Segment Start: Given data

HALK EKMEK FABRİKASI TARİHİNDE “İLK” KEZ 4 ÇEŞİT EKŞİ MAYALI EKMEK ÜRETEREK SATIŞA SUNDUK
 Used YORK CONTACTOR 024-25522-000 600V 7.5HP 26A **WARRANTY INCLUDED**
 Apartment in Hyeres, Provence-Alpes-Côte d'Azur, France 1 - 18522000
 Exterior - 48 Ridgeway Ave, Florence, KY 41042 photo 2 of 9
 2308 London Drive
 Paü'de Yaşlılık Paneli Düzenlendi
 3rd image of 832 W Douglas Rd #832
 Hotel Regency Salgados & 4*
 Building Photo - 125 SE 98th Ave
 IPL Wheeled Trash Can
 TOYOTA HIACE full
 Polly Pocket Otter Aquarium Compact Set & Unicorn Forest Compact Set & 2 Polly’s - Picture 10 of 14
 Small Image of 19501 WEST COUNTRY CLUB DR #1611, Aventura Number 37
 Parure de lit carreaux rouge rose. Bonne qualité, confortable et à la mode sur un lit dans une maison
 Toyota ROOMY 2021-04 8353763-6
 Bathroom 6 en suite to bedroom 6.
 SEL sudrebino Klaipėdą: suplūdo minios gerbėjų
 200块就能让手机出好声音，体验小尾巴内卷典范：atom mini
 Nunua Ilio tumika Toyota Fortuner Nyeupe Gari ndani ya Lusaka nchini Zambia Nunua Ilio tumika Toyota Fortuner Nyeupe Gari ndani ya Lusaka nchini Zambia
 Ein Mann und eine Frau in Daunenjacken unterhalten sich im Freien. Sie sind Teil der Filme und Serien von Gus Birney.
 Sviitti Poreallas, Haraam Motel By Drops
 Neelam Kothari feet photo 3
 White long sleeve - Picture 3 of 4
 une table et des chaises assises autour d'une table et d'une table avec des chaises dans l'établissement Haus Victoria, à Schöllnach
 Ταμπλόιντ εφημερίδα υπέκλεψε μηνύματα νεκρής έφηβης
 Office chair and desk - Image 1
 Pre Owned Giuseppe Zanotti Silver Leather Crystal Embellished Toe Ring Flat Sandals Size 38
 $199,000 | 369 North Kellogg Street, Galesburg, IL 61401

Segment End: Given data

Work to be completed
The lines to output run from the one containing "Neelam Kothari feet photo 3" through the last line of the records above; repeat them exactly and nothing more.

Finished task
 Neelam Kothari feet photo 3
 White long sleeve - Picture 3 of 4
 une table et des chaises assises autour d'une table et d'une table avec des chaises dans l'établissement Haus Victoria, à Schöllnach
 Ταμπλόιντ εφημερίδα υπέκλεψε μηνύματα νεκρής έφηβης
 Office chair and desk - Image 1
 Pre Owned Giuseppe Zanotti Silver Leather Crystal Embellished Toe Ring Flat Sandals Size 38
 $199,000 | 369 North Kellogg Street, Galesburg, IL 61401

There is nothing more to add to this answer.